Trilobite Eyes Were Already Modern
Some trilobites had compound eyes similar to modern crustaceans and insects. They just popped into existence without ancestors.
They say it is 429 million Darwin Years old. Its eye, however, looks modern. That’s what Michael Marshall announced in New Scientist today (13 Aug 2020):
An animal that lived 429 million years ago had compound eyes almost identical to those of modern insects like bees and dragonflies. The finding implies that the compound eye evolved very early in the history of animals.
“I am quite sure that its roots lie far back in the Precambrian somewhere,” says Brigitte Schoenemann at the University of Cologne in Germany. The Cambrian period, when many of the major animal groups appeared, began about 540 million years ago.
The trilobite had one eye intact that Schoenemann and Euan Clarkson at the University of Edinburgh in the UK took a closer look at. They re-examined a fossil of a 1.2-centimetre-long animal called Aulacopleura koninckii. “It was a trilobite: a marine animal a bit like a woodlouse, related to insects and shrimp.” So even though all trilobites are extinct, some of them do not look much different from animals alive today. Phys.org says,
An exquisitely well preserved 429-million-year-old eye from a marine creature that went extinct before dinosaurs even existed had vision comparable to modern-day bees and dragonflies, researchers said Thursday.
In an effort to show some evolutionary progression, the articles discuss eyes that appeared more “primitive” than this one. Phys.org says, for instance,
While it was previously known that trilobites had these compound eyes, older specimens had “slit formed” eyes, “just scanning the horizon” and without lenses on the visual units.

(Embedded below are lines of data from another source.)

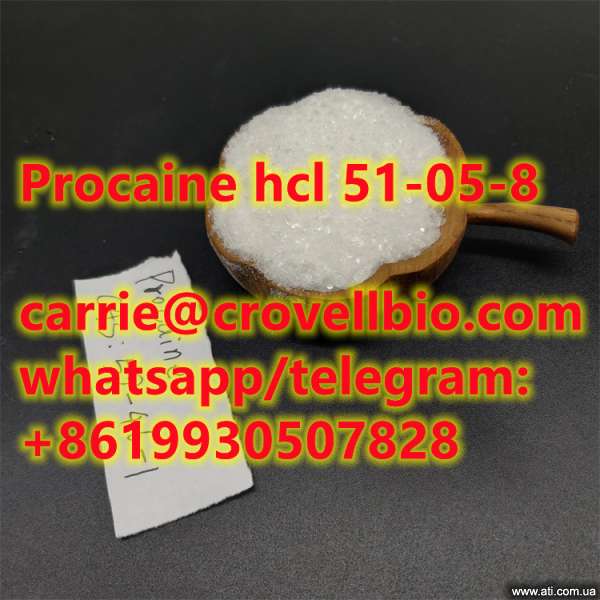 procaine hcl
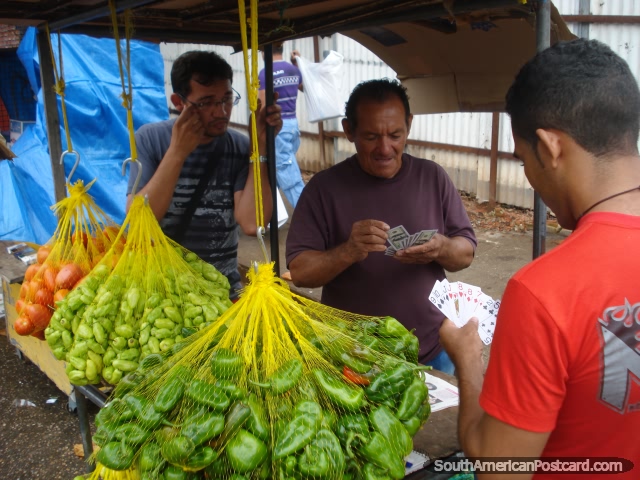 Los hombres juegan a las cartas vendiéndose chillies y tomates en Manaus. (640x480px). Brasil, Sudamerica.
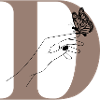 Magic butterfly letter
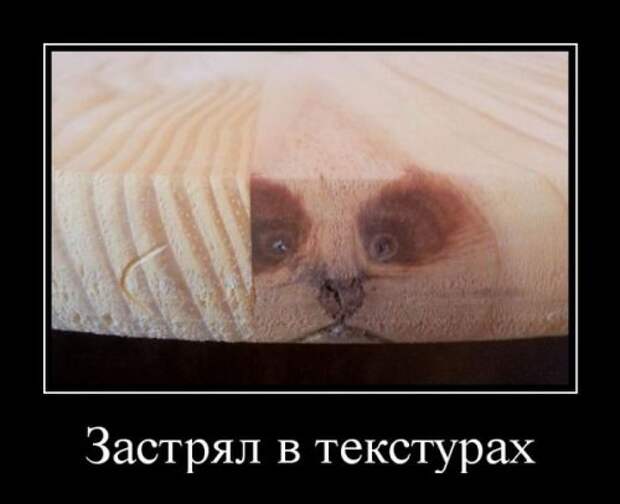 Немного прикольных демотиваторов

New Scientist cites a simpler compound eye dated 71 million Darwin Years older:
The oldest known compound eye with preserved internal structures belonged to another trilobite, which lived in the early Cambrian over 500 million years ago. Schoenemann’s team described it in 2017. That eye was more primitive though. “There were no distinct lenses,” says Schoenemann. The ommatidia were topped with “a kind of translucent window, without any capacity of focusing”. Also, the eye only had about 100 ommatidia.
But “primitive” may be in the eye of the beholder. There are living arthropods with as few as 5 ommatidia (Wikipedia), and a fossil specimen of Anomalocaris dated at 515 million Darwin Years already had 16,000 ommatidia in its compound eyes (7 Dec 2011).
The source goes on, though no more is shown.